■ Directions ■
The entries below should be given again exactly, minus their pictures.

■ Dataset entries ■
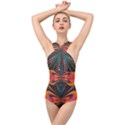 Casanova Abstract Art-colors Cool Druffix Flower Freaky Trippy Cross Front Low Back Swimsuit View1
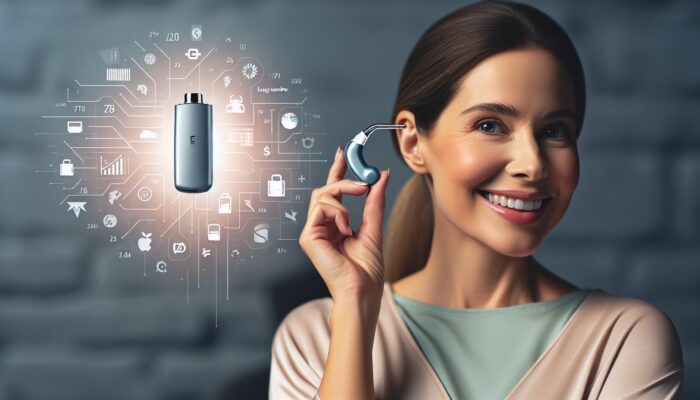 Person adjusting modern rechargeable hearing aid, graphs showing long-term savings and battery icon.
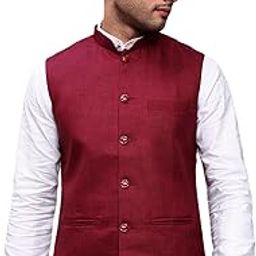 SHOWOFF Men's Solid Burgundy Slim Fit Nehru Jacket-AD-J-455_Burgundy-image-34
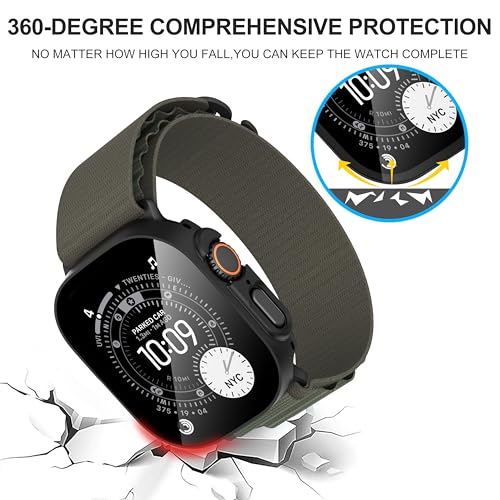 Diruite Suoman 2-Pack for Apple Watch Ultra 3/2/1 49mm Case, Ultra-Thin Tempered Glass Screen Protector, All-Around PC Protection Cover for iWatch Ultra 49mm 3/2/1r - Black - Image 5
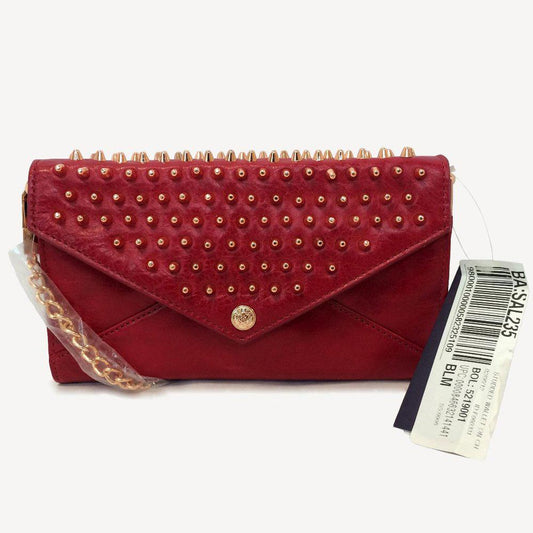 Rebecca Minkoff Red Leather Studded Chain Wallet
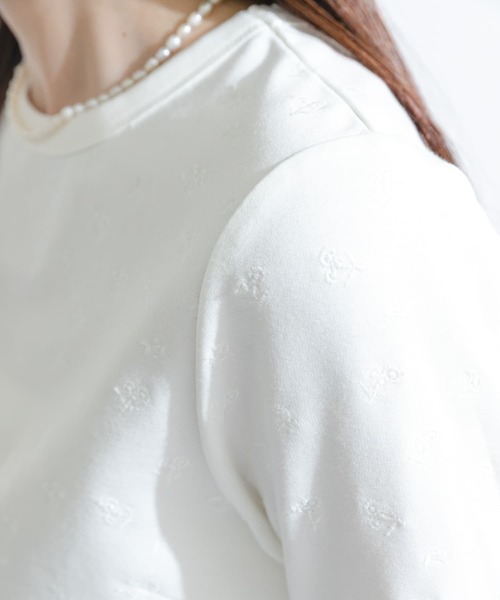 tシャツ F by ROSSO　フラワー刺繍5分袖Tシャツ レディース F by ROSSO tシャツ ROSSO フラワー刺繍5分袖Tシャツ レディース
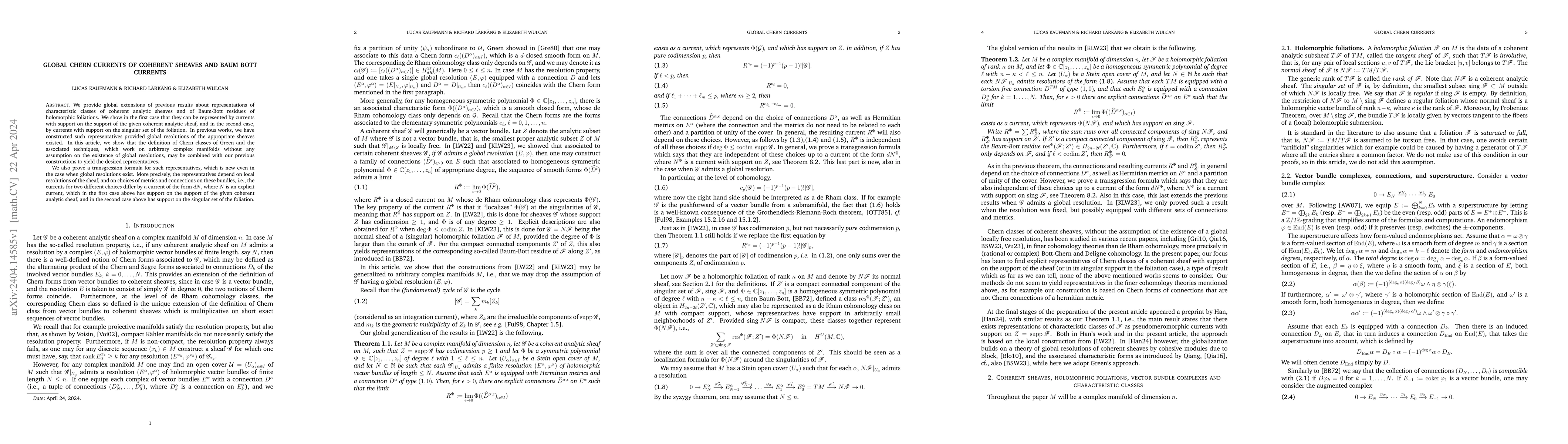 Thumbnail for Global Chern currents of coherent sheaves and Baum Bott currents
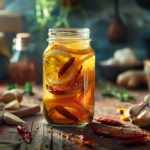 jar of homemade fire cider with garlic ginger citrus peppers Title: Fire Cider Recipe – Spicy Herbal Tonic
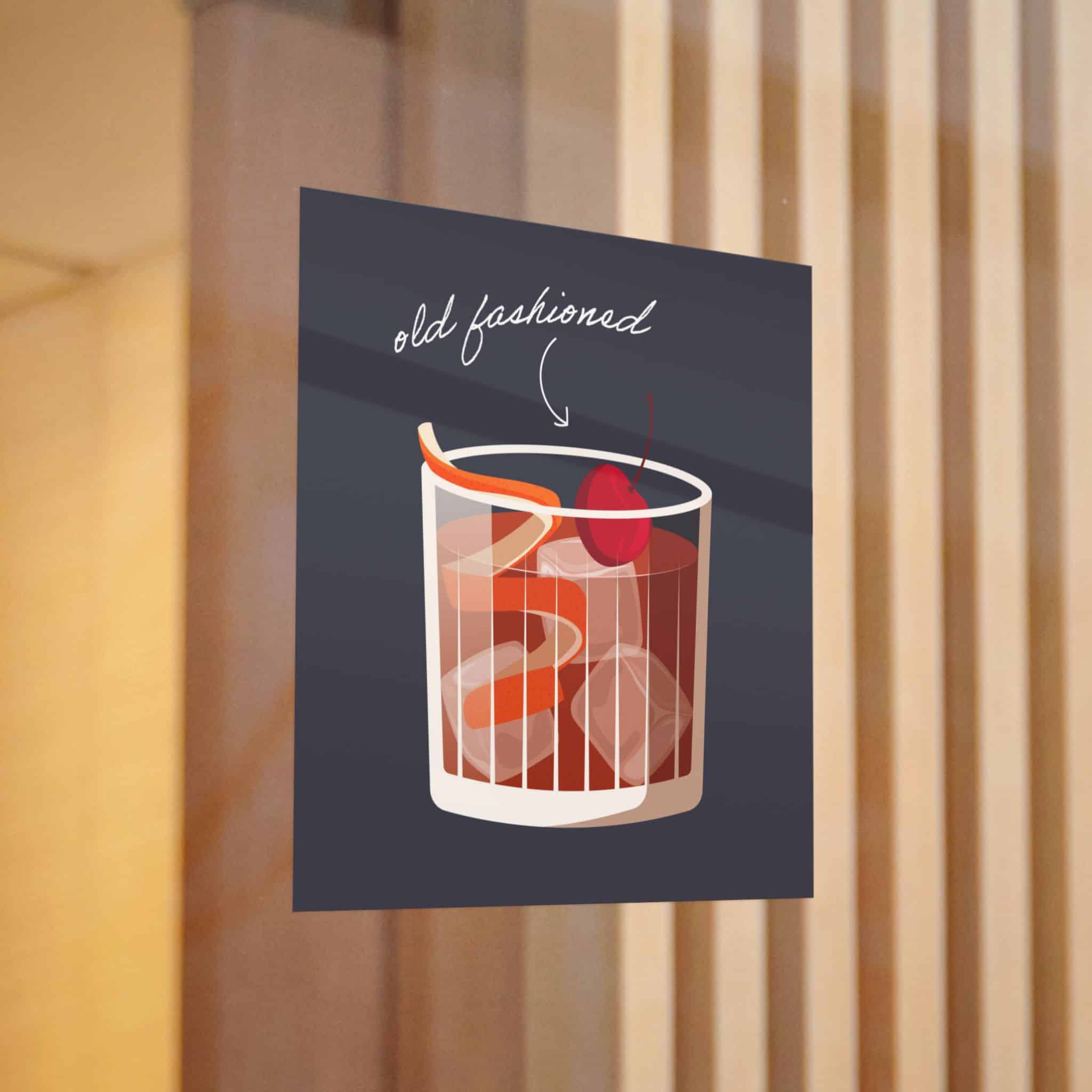 Vector Illustration Old Fashioned Cocktail Isolated Black Background Die Cut Stickers Dtf - Image 12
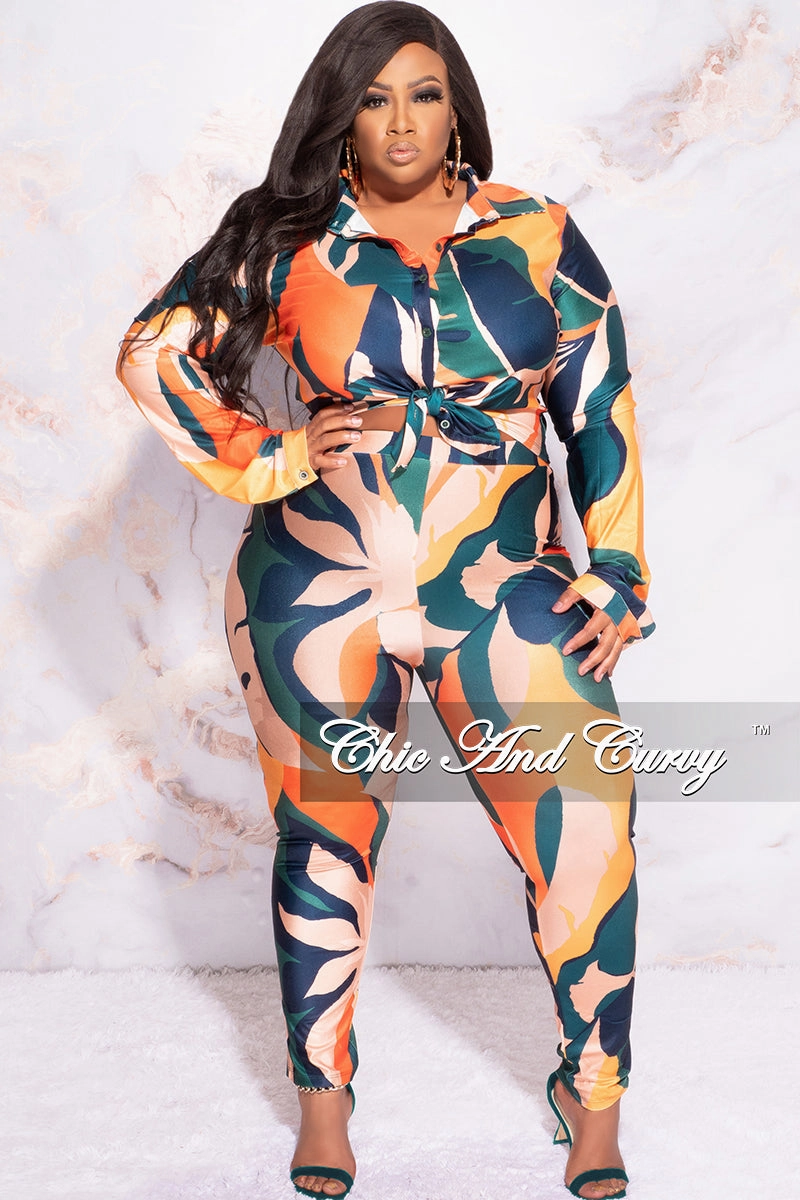 Easy Stretch SoftLining Final Sale Plus Size 2pc Button Up Collar Top and Pants Set in Dark Teal Orange Mustard Multi Color Design Print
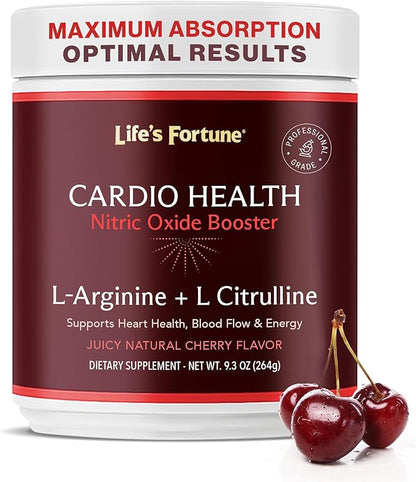 Life's Fortune L Arginine L Citrulline Supplement Powder - High Potency Nitric Oxide Supplement Booster with Natural Cherry Flavor (20 Servings (Pack of 1)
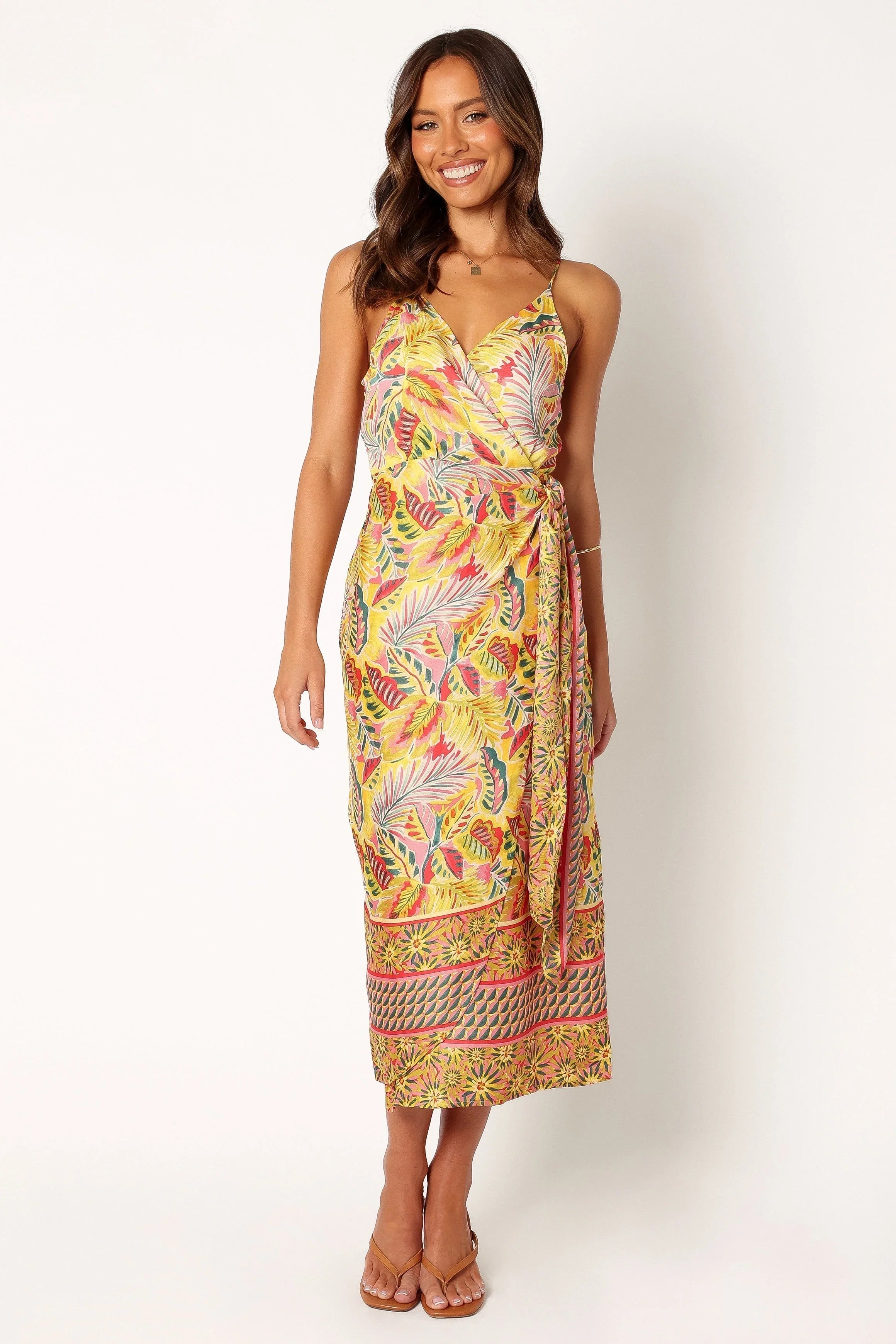 Clement Wrap Midi Dress Tropical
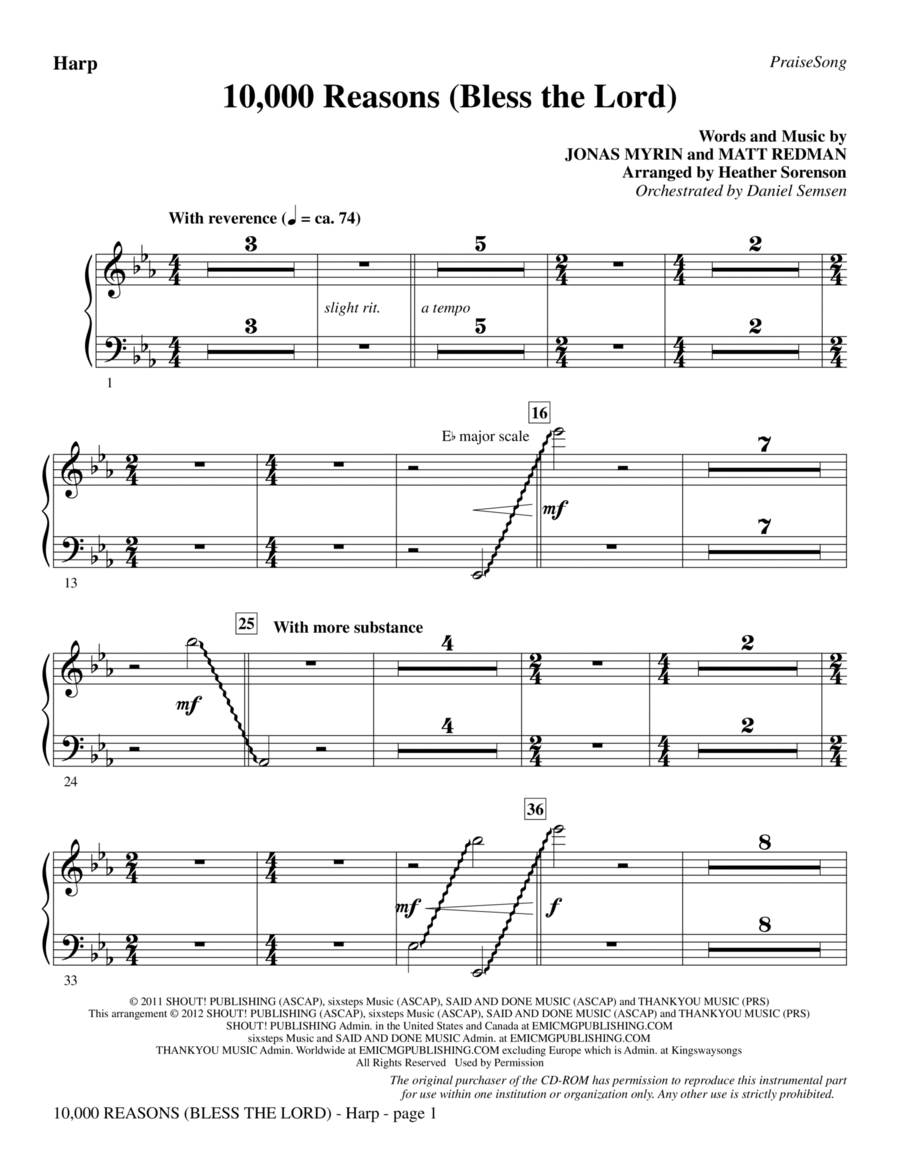 10,000 Reasons (Bless The Lord) - Harp Choir scores gallery preview page 1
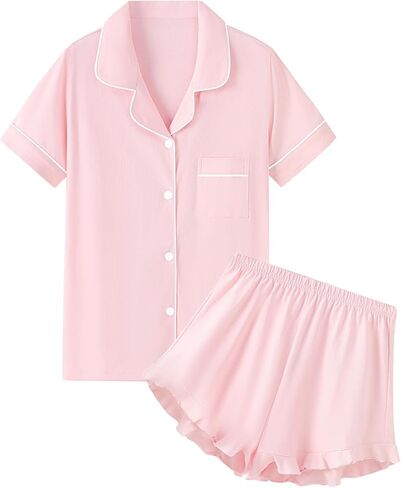 QZH.DUAO Girls & Women Pajama Sets 100% Cotton Sleepwear Button Down Short Sleeve With Ruffle Shorts PJS 5 Years-Large in Saudi Arabia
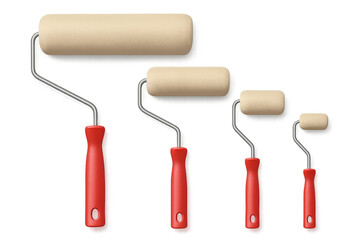 Four paint rollers with red handles on transparent background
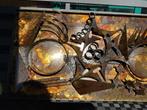 Metalen Sculptuur - Abstract Kunstwerk Wanddecoratie Goudbru, Antiek en Kunst, Ophalen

■ Result of the exercise ■
 Casanova Abstract Art-colors Cool Druffix Flower Freaky Trippy Cross Front Low Back Swimsuit View1
 Person adjusting modern rechargeable hearing aid, graphs showing long-term savings and battery icon.
 SHOWOFF Men's Solid Burgundy Slim Fit Nehru Jacket-AD-J-455_Burgundy-image-34
 Diruite Suoman 2-Pack for Apple Watch Ultra 3/2/1 49mm Case, Ultra-Thin Tempered Glass Screen Protector, All-Around PC Protection Cover for iWatch Ultra 49mm 3/2/1r - Black - Image 5
 Rebecca Minkoff Red Leather Studded Chain Wallet
 tシャツ F by ROSSO　フラワー刺繍5分袖Tシャツ レディース F by ROSSO tシャツ ROSSO フラワー刺繍5分袖Tシャツ レディース
 Thumbnail for Global Chern currents of coherent sheaves and Baum Bott currents
 jar of homemade fire cider with garlic ginger citrus peppers Title: Fire Cider Recipe – Spicy Herbal Tonic
 Vector Illustration Old Fashioned Cocktail Isolated Black Background Die Cut Stickers Dtf - Image 12
 Easy Stretch SoftLining Final Sale Plus Size 2pc Button Up Collar Top and Pants Set in Dark Teal Orange Mustard Multi Color Design Print
 Life's Fortune L Arginine L Citrulline Supplement Powder - High Potency Nitric Oxide Supplement Booster with Natural Cherry Flavor (20 Servings (Pack of 1)
 Clement Wrap Midi Dress Tropical
 10,000 Reasons (Bless The Lord) - Harp Choir scores gallery preview page 1
 QZH.DUAO Girls & Women Pajama Sets 100% Cotton Sleepwear Button Down Short Sleeve With Ruffle Shorts PJS 5 Years-Large in Saudi Arabia
 Four paint rollers with red handles on transparent background
 Metalen Sculptuur - Abstract Kunstwerk Wanddecoratie Goudbru, Antiek en Kunst, Ophalen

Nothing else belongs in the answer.